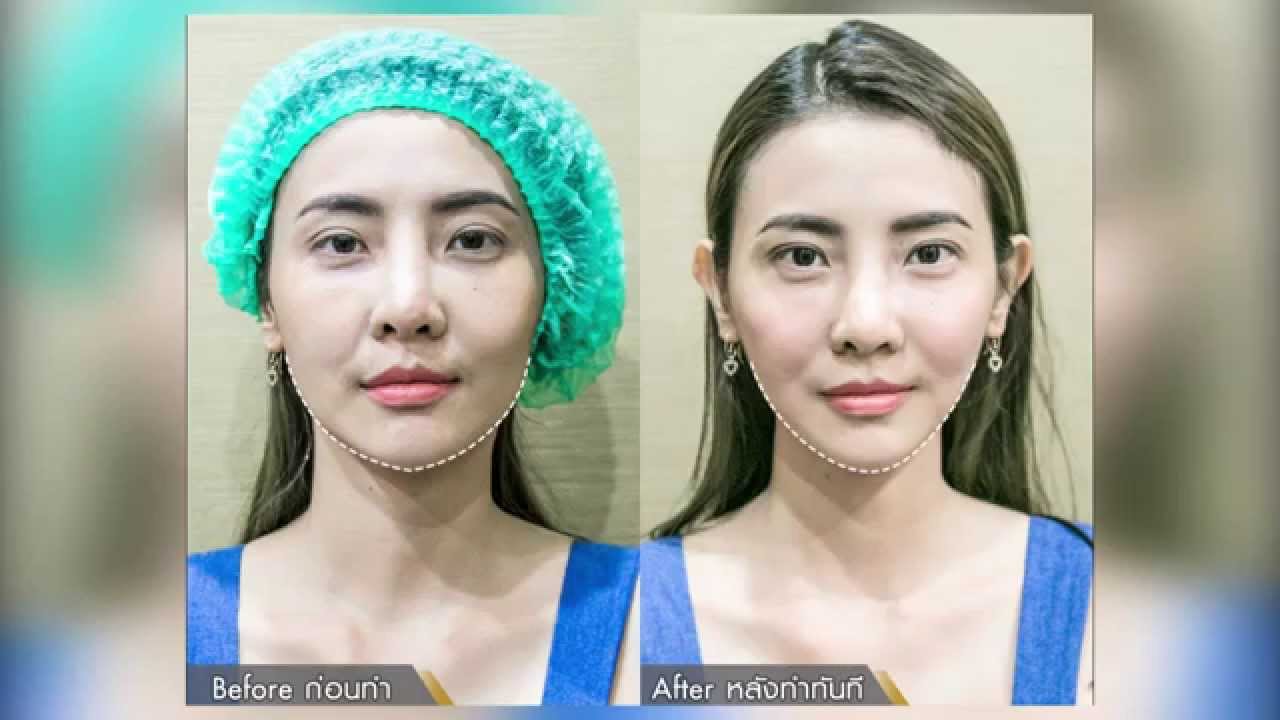 รีวิว ประสบการณ์  ร้อยไหมหน้าเรียว 4D Stem cell ที่ THEKLINIQUE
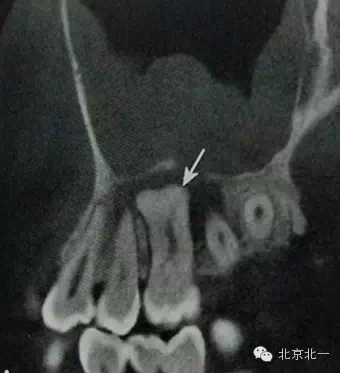 種植遇到骨島怎么辦 種植遇到骨島怎么辦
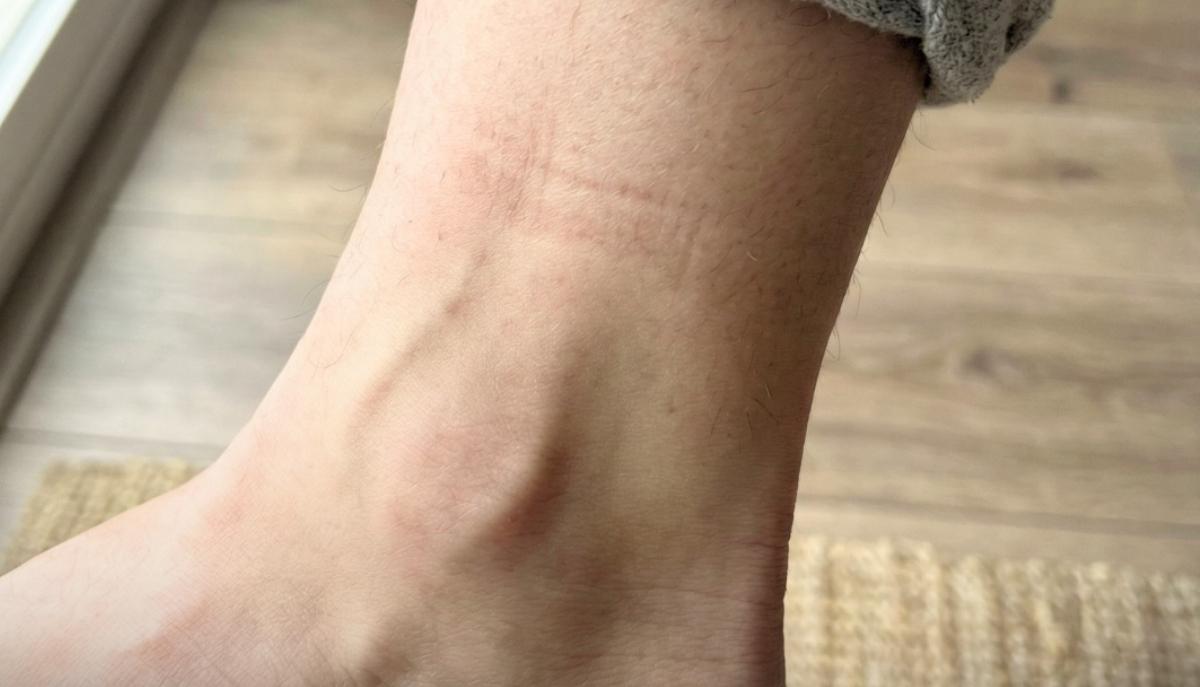 Hai mani e piedi sempre caldi? Il motivo è incredibile e dice tutto sulla tua salute articolo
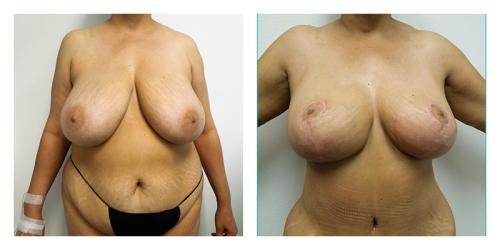 Breast Lift result at Smith Plastic Surgery in Las Vegas, NV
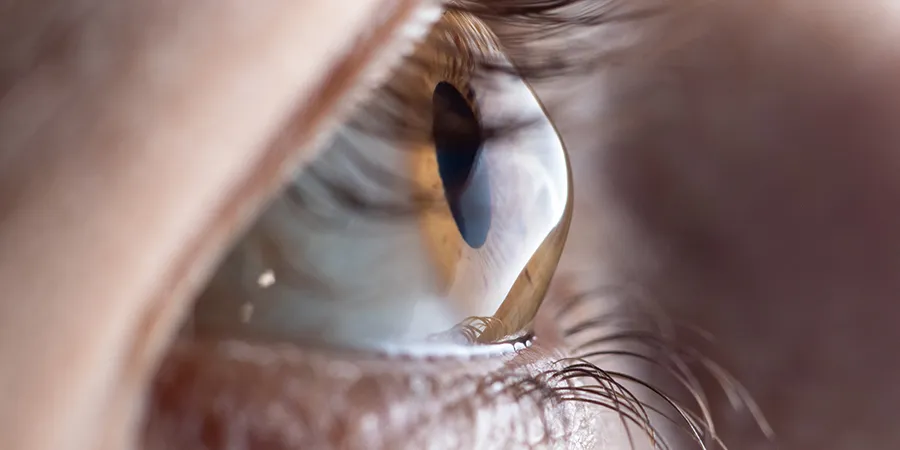 Close-up profile view of an eye whose cornea bulges forward into a cone shape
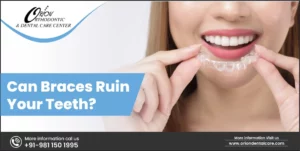Read more about the article Can Braces Ruin Your Teeth?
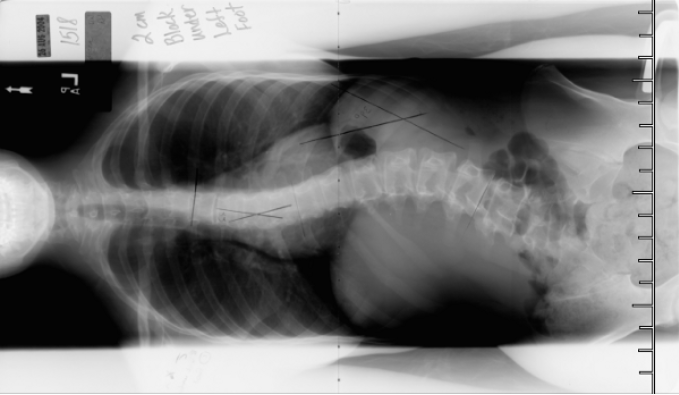 Scoliosis Xray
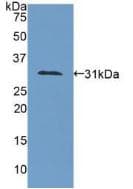 COL4A1 / Collagen IV Alpha1 Antibody (aa1444-1669, Biotin)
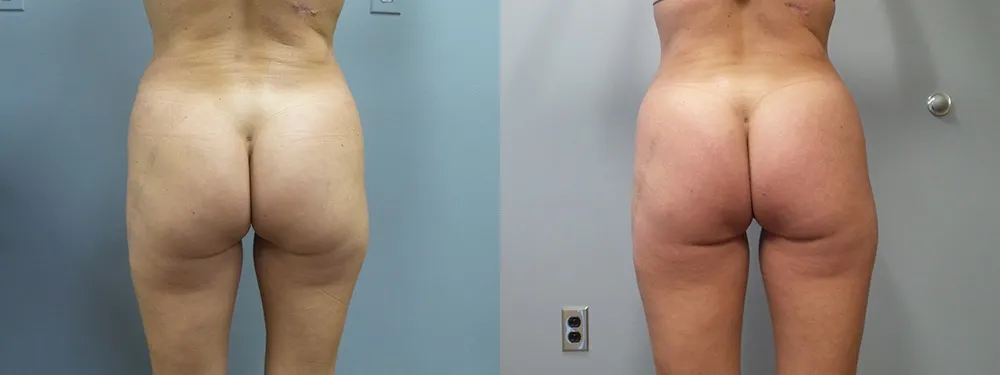 brazilian butt lift before and after photo by main line institute of plastic surgery in wynnewood pa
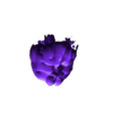 TUMOR.stl 3D CÁNCER DE CUELLO UTERINO CON ÚTERO, GANGLIOS LINFÁTICOS, SISTEMA URINARIO, VÉRTEBRAS Y PELVIS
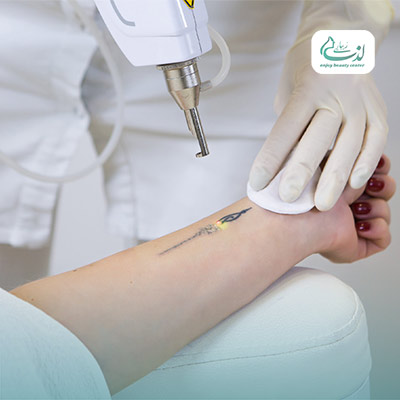 خال برداری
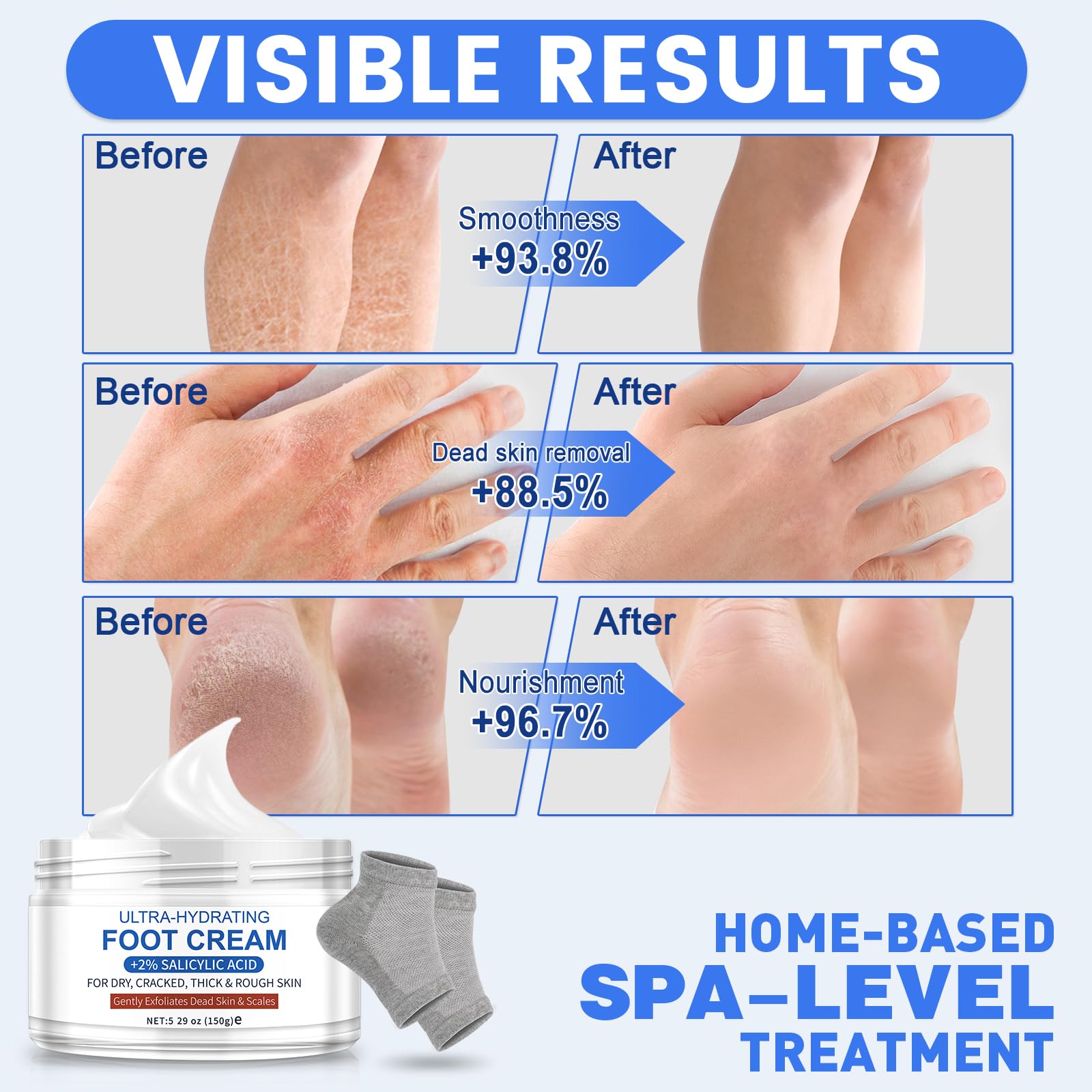 TEAWOO Crème Pieds - Hydratation rapide des talons secs.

## WHAT IS NEEDED
The answer must consist of the line containing "Close-up profile view" and every line after it through the end of the records, retyped exactly, with all pictures left out.

## SOLUTION
 Close-up profile view of an eye whose cornea bulges forward into a cone shape
Read more about the article Can Braces Ruin Your Teeth?
 Scoliosis Xray
 COL4A1 / Collagen IV Alpha1 Antibody (aa1444-1669, Biotin)
 brazilian butt lift before and after photo by main line institute of plastic surgery in wynnewood pa
 TUMOR.stl 3D CÁNCER DE CUELLO UTERINO CON ÚTERO, GANGLIOS LINFÁTICOS, SISTEMA URINARIO, VÉRTEBRAS Y PELVIS
 خال برداری
 TEAWOO Crème Pieds - Hydratation rapide des talons secs.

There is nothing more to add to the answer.